Challenges and vision...

A Hornby Bath

Ironically, the success of Hornby Islanders in protecting the natural environment and in creating unique amenities is now threatening the community itself. Once coyly described as an undiscovered island, Hornby and its charms have been praised in articles in major publications. Residents, dependent upon incomes from providing services or creating art, cannot compete in the real estate market with "baby boomers" at the peak of their buying power who are seeking second homes. Now, over 60% of properties are owned by non-residents. Year-round rentals are hard to find as more and more dwellings are used to accommodate summer visitors.

Hornby's resident population has decreased by 25% from its peak of about 1,200 in the late nineties. School enrollment has dropped from a high of almost 150 students to around 50. It is hard for young families to put down roots.

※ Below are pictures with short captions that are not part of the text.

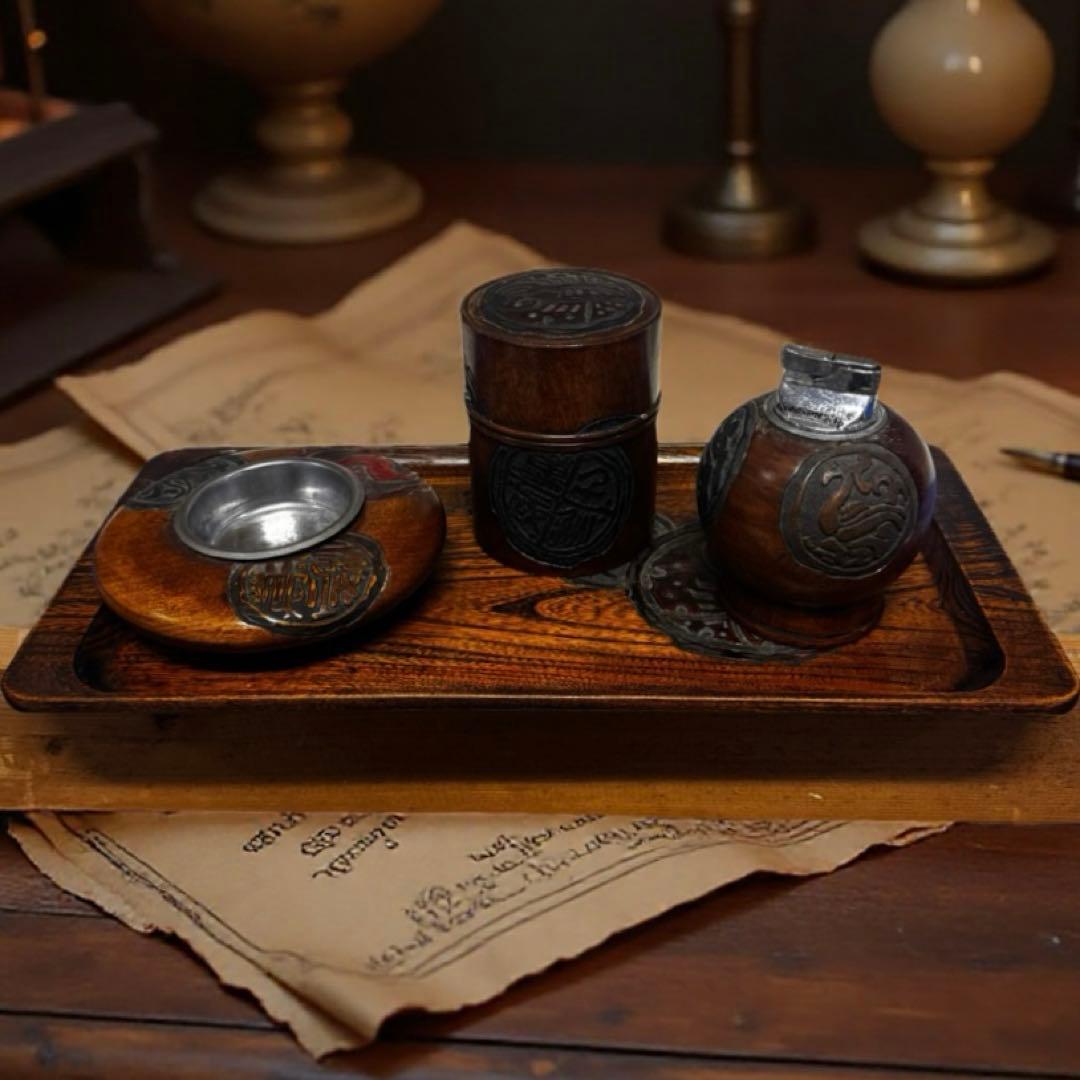 ⚫️ 煙草盆 喫煙具 セット 伝統 木彫り 烏城彫 アンティーク 昭和レトロ 希少
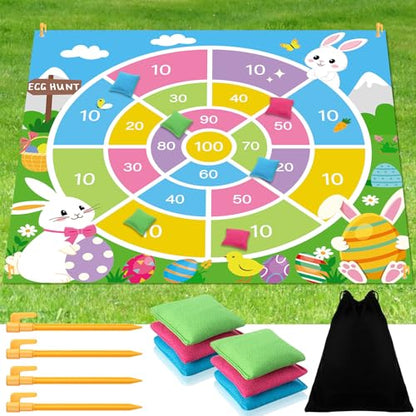 Arrowbash Giant Easter Bean Bag Toss Game 4.9ft Large Festival Outdoor Lawn Yard Camping Field Day Games for Family Backyard Halloween Fall Thanksgiving Valentine Easter Carnival Party Gift - style: Easter
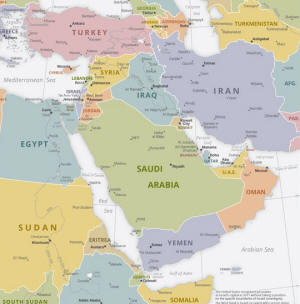 Politische Karte des Nahen Ostens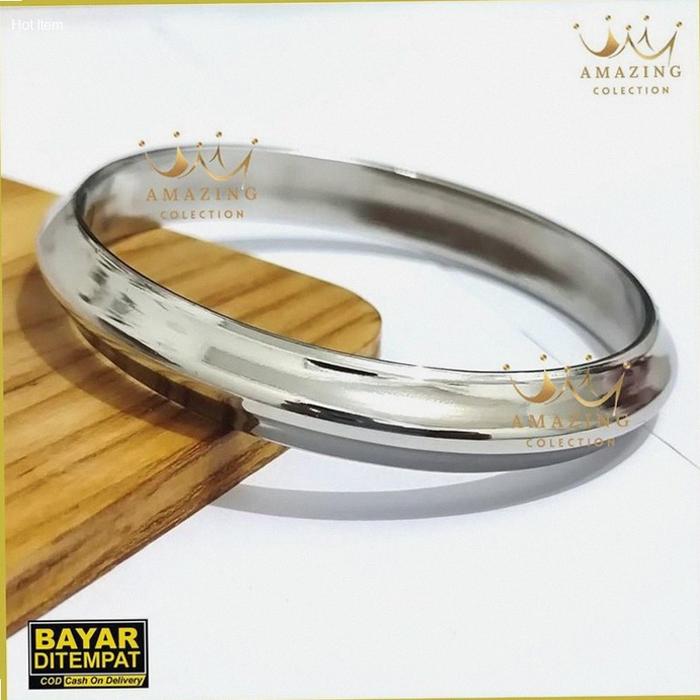 Gelang Benggali Bangle India Punjabi Baja Putih Monel Bulat Segitiga Baja Putih Pria Asli Anti Karat
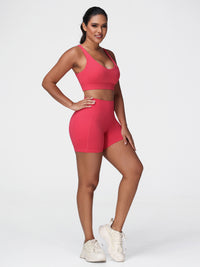 red gym shorts and top set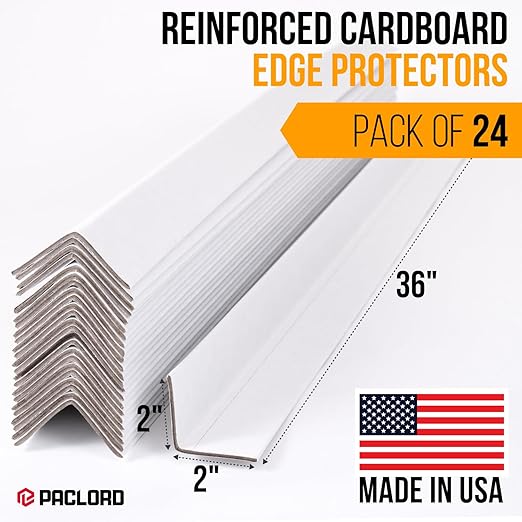 36" x 2" x 2" Reinforced Cardboard Edge Protectors, White (Pack of 24) – 0.12" Thick Medium-Duty Cardboard Corner Protectors for Shipping – American Quality V-Board Pallet Edge Protectors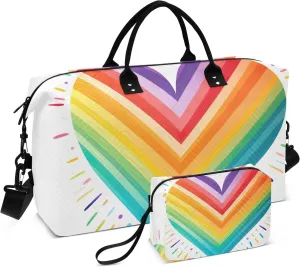 Rainbow Heart LGBT Duffle Bags Luggage Bags for Travel with Toiletry Bag Sports Tote Bags for Women Mens Duffle Bag Weekender Bag
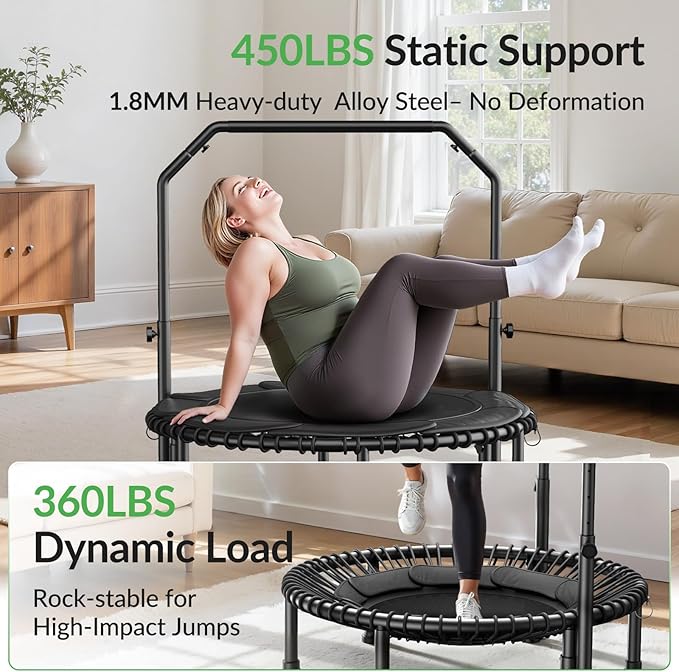 BCAN 40"/48" Mini Rebounder Trampoline for Adults with Bar, 450/550LBS Fitness Trampoline with Bungees, Adjustable Handle, Stable & Quiet, Indoor Outdoor, Whole-Body Workout & Relaxation at Home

Businesses are having trouble finding workers and the fire department is worried about whether it can recruit future volunteers.

Can a diverse community centred on simple life-styles, art and self-reliance survive in these circumstances? In 2002 the community, lead by the Hornby Island Community Economic Enhancement Community (HICEEC), engaged in an intensive process to develop a collective vision of how various aspects of community life would look in the year 2020. This was followed by an Economic Renewal process to identify ways to strengthen the economic vitality of the community. The real Hornby project emerged from this process.

real Hornby...

The real Hornby Island is a place that nurtures creativity, cherishes nature and harbours an innovative community. Many organizations and groups, with countless volunteer hours, are working hard to sustain this special place and the community's vitality. The real Hornby project recognizes that we can strengthen and perpetuate our assets and values by sharing them with the many people beyond the island who appreciate Hornby's authentic character.

The goal of real Hornby is provide a way for those who feel a strong bond with this special place to stay connected with island creations, island experiences and the people who make them happen.